14 Comments
User's avatar
Jason Ross's avatar

I didn’t notice whose article I was reading. Saw the Chips and Cheese note at the end. Immediately went, “Oh, of course.”

Nobody else does analysis like this. Wow.

Expand full comment
Peter W.'s avatar

First, thanks Chester for another great article!

Regarding the RISC-V CPU design here: their main problem will be to find one or more customers to license it, as an at-risk production is a very high risk indeed for any company that is not a hyperscaler. Hyperscaler have a captive audience for their designs, which is a key reason why Graviton made it. Of course AWS owned and still owns Anapurna, and AWS was willing to invest and push Graviton at (initially) substantial discounts over x86 instances. Of course, that worked out really well for AWS.

In contrast, Ampere didn't have that very large in-house customer, and struggled finding their niche for their ARM-based designs. With a large RISC-V multicore CPU, the challenge is likely even greater, unless the CPU is adopted by a large player like Tencent or Alibaba, which are interested in RISC-V designs.

Expand full comment
Schrödinger's Cat's avatar

> In contrast, Ampere didn't have that very large in-house customer

Ampere is a CPU company, while Condor is an IP company.

Furthermore, it seems to me Andes' niche is in the embedded market, where there's perhaps need of a core with more horsepower than others in Andes' product offerings. This gives them more potential avenues than Ampere had.

Also, it seems Ampere started to suffer when they tried competing in a fairly mature market with an inferior product (i.e. AmpereOne). The RISC-V server market is quite new and we don't yet know how these cores will compare with other market entrants.

Of course, it's not a given the market for these cores will materialize, but I wouldn't count them out.

Expand full comment
Chester Lam's avatar

Keep in mind Ampere did just fine with Altra and "inferior" cores. They made up for it by stuffing more cores into the same space/power budget. AmpereOne tries to push that concept further

Expand full comment
Schrödinger's Cat's avatar

My comment about inferior cores was in reference to AmpereOne.

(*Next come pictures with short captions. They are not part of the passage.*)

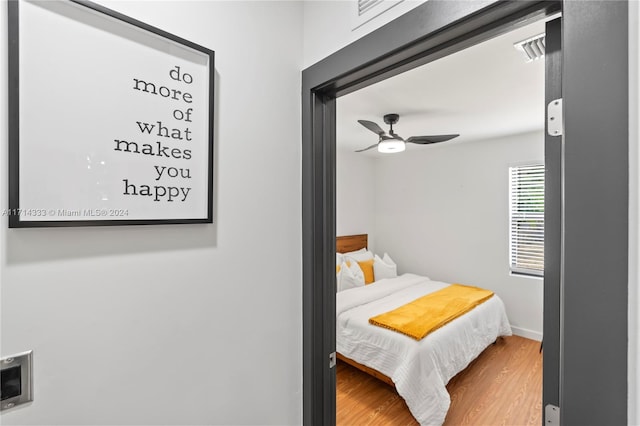 bedroom with ceiling fan and wood-type flooring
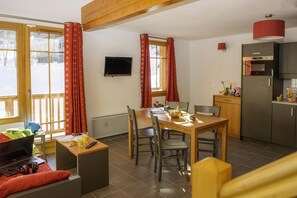 A cozy room with a wooden dining table, chairs, a laptop, and a TV on the wall. - Swimming pool, sauna, tv, 70m², Saint Colomban des Villards (Saint-Colomban-des-Villards)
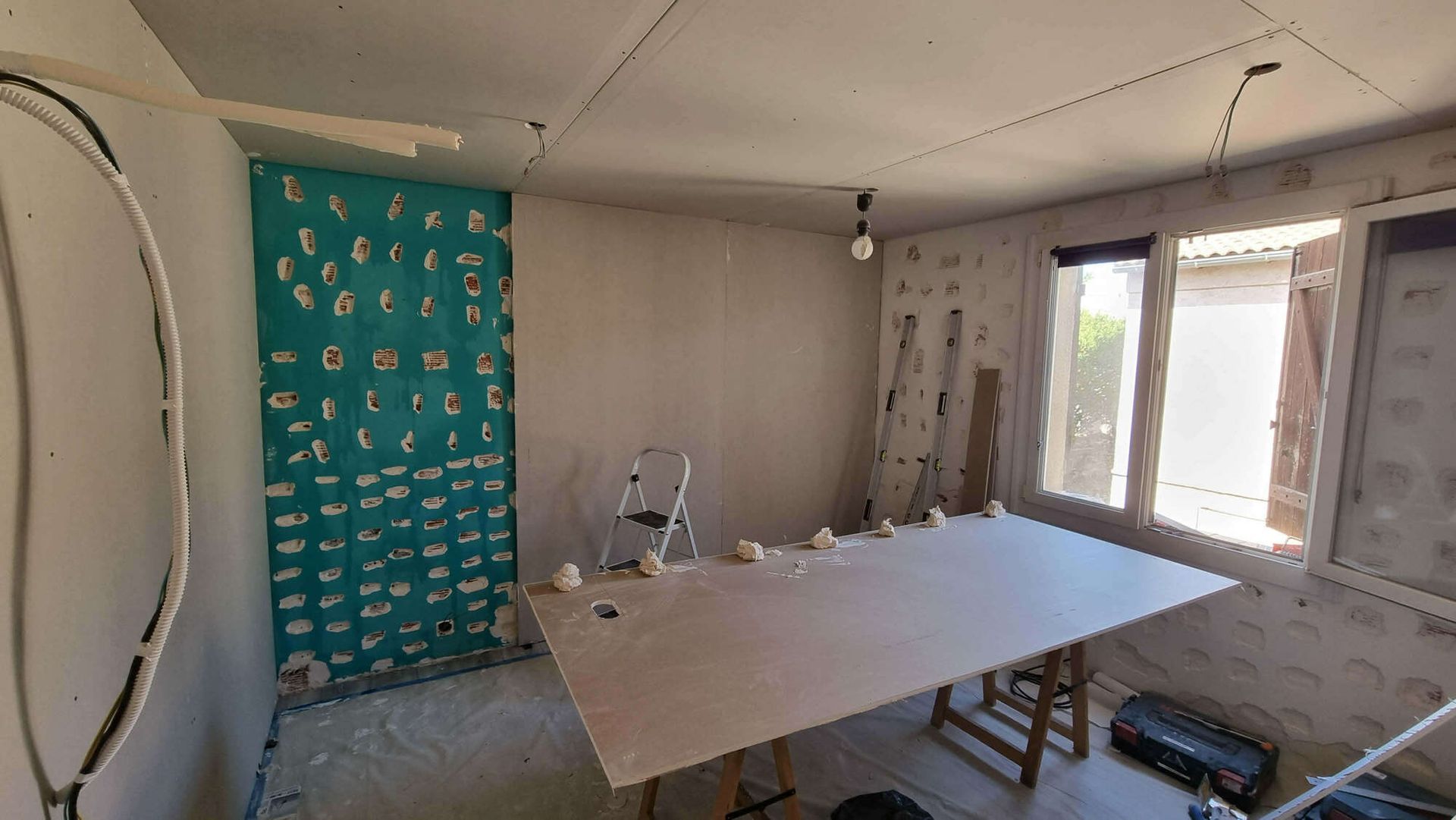 Une maison en rénovation avec des branchements électriques.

In the first couple years of Altra, you're right that they did fine with Neoverse N1 cores and simply adding more of them to compensate for what they individually lacked. By the time AmpereOne finally reached the market, it seemed like that trick was no longer working for them. It probably didn't help that so many hyperscalers had started building their own CPUs.

Expand full comment
Will's avatar

Bit of trivia: Ty Garibay was one of the architects of the Cyrix 4x86 and 6x86

Expand full comment
theduck's avatar

Very nice very nice, highly detailed 👍

Expand full comment
Schrödinger's Cat's avatar

> Schedulers can be expensive structures in conventional out-of-order CPUs,

> because they have to check whether instructions are ready to execute every cycle.

Don't any of these CPUs' schedulers know how to walk a data dependency graph? Each physical register could be augmented with a list of which reorder buffer entries depend on it. Each reorder buffer entry could have a counter that gets decremented as each dependency is satisfied. When the counter reaches zero, the entry is ready to run.

Sure, you'd have to manage those variable-length lists of each register's dependencies. But, that scales better than trying to search the reorder buffer for something that's ready to run. With an approach like this, the only cost of increasing your reorder buffer length (besides the cost of the reorder buffer, itself) is having to increase the number of bits needed to index within it. Importantly, the cost of searching it wouldn't change, because you're not actually searching it.

Sorry if this sounds naive. I'm obviously not a CPU designer.

Expand full comment
Chester Lam's avatar

Generally the scheduler only contains incomplete instructions, not everything in the ROB.

You don't want to walk a data dependency graph because that would introduce extra latency. What "regular" schedulers do is basically what you say. "as each dependency is satisfied" = compare register numbers to see if the result of a prior instruction satisfies a dependency. "counter that gets decremented..." would be functionally be the same as a ready flag that gets set when all dependencies are satisfied.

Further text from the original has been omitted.